Task to complete:
Having found the line containing "All Aboard Fitted Crib Sheet" in the records below, copy that line and each later one exactly, dropping pictures.

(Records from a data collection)
-- Opening Marker --

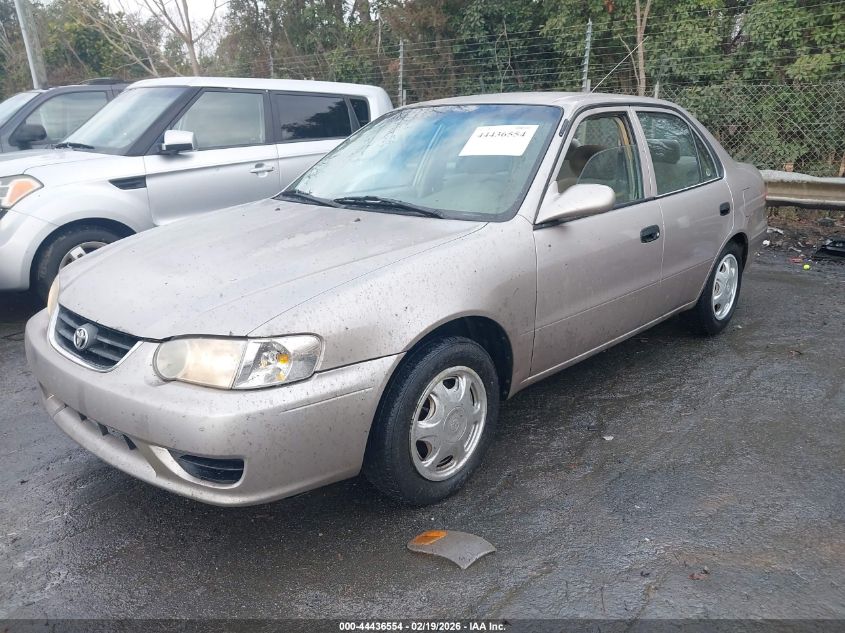 2001 Toyota Corolla Ce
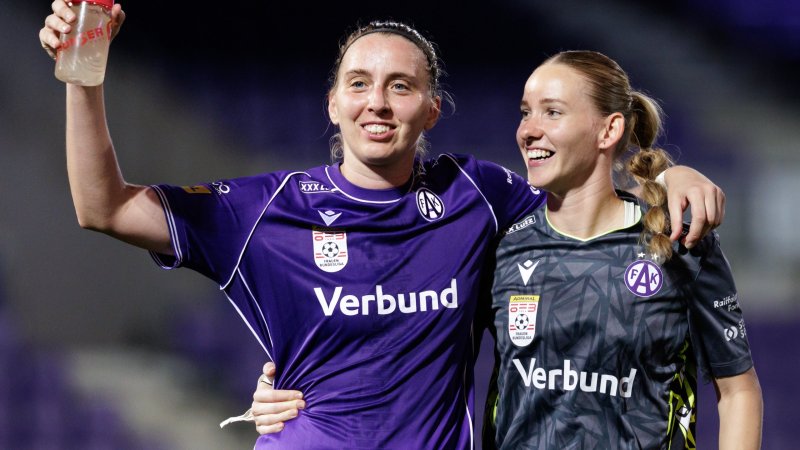 Cup Draw: Austria Women in Round of 16 against Klagenfurt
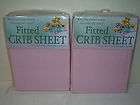 All Aboard Fitted Crib Sheet  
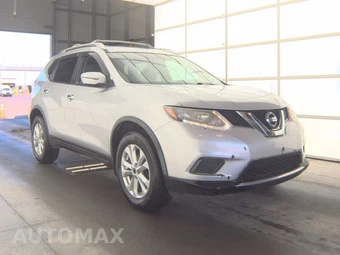 2016 Nissan Rogue SV – miniatura 3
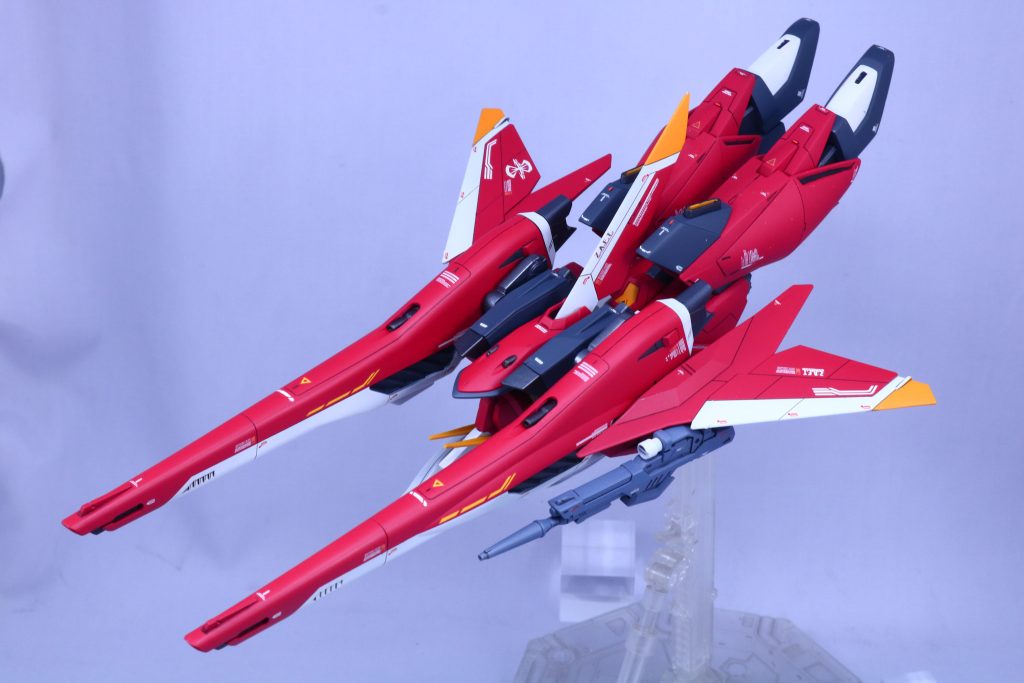 1/100　セイバーガンダム　改修–5枚目/制作者：ココ助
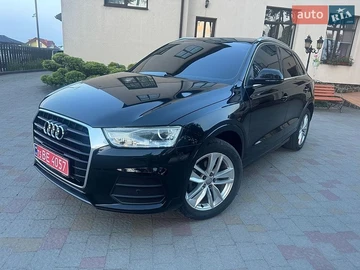 Авто Audi Q3 2015 № 8904259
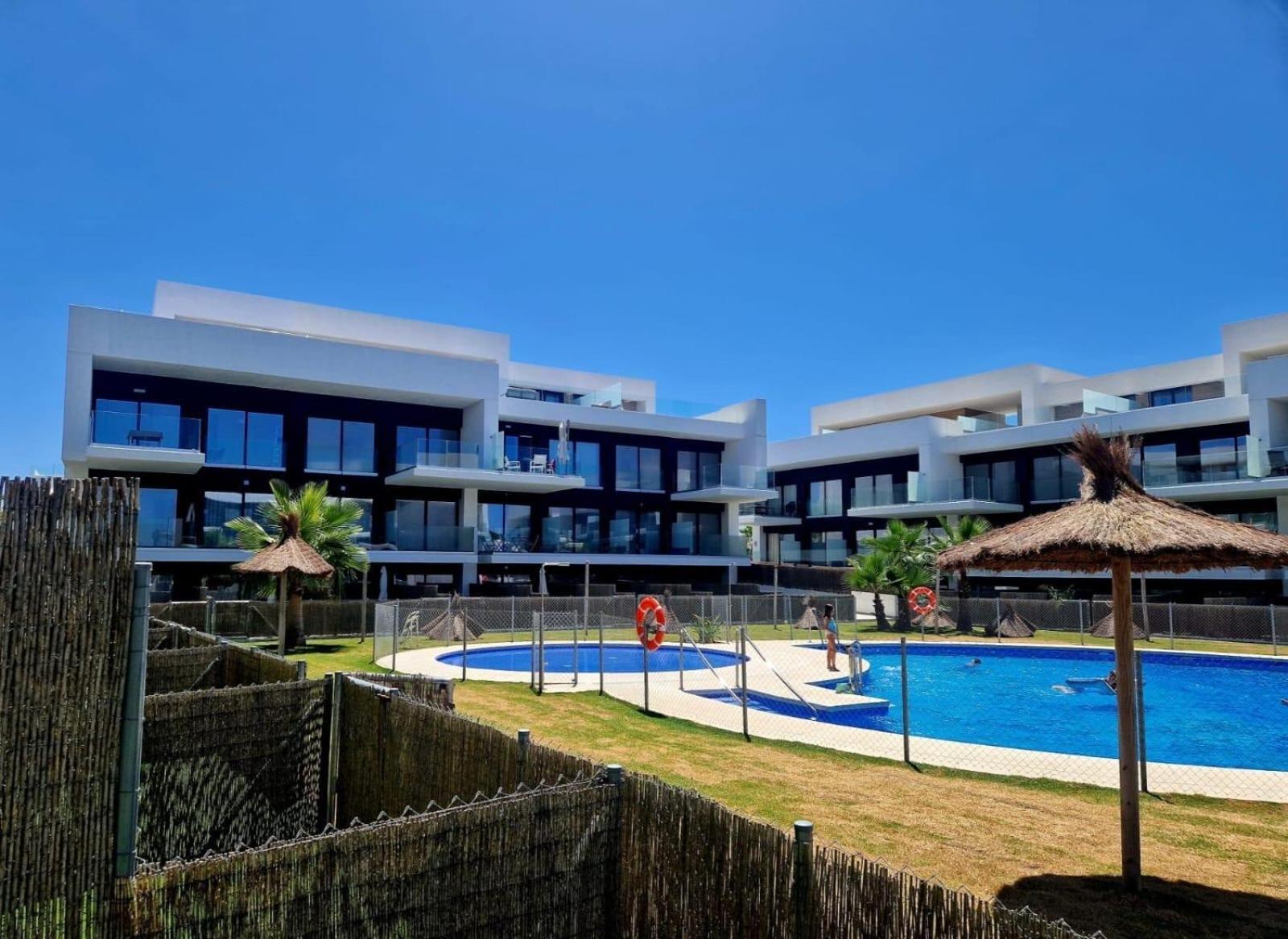 Zahara Pueblo Boutique II Διαμέρισμα Zahara de los Atunes Εξωτερικό φωτογραφία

-- Closing Marker --

Task solution:
 All Aboard Fitted Crib Sheet  
 2016 Nissan Rogue SV – miniatura 3
 1/100　セイバーガンダム　改修–5枚目/制作者：ココ助
 Авто Audi Q3 2015 № 8904259
 Zahara Pueblo Boutique II Διαμέρισμα Zahara de los Atunes Εξωτερικό φωτογραφία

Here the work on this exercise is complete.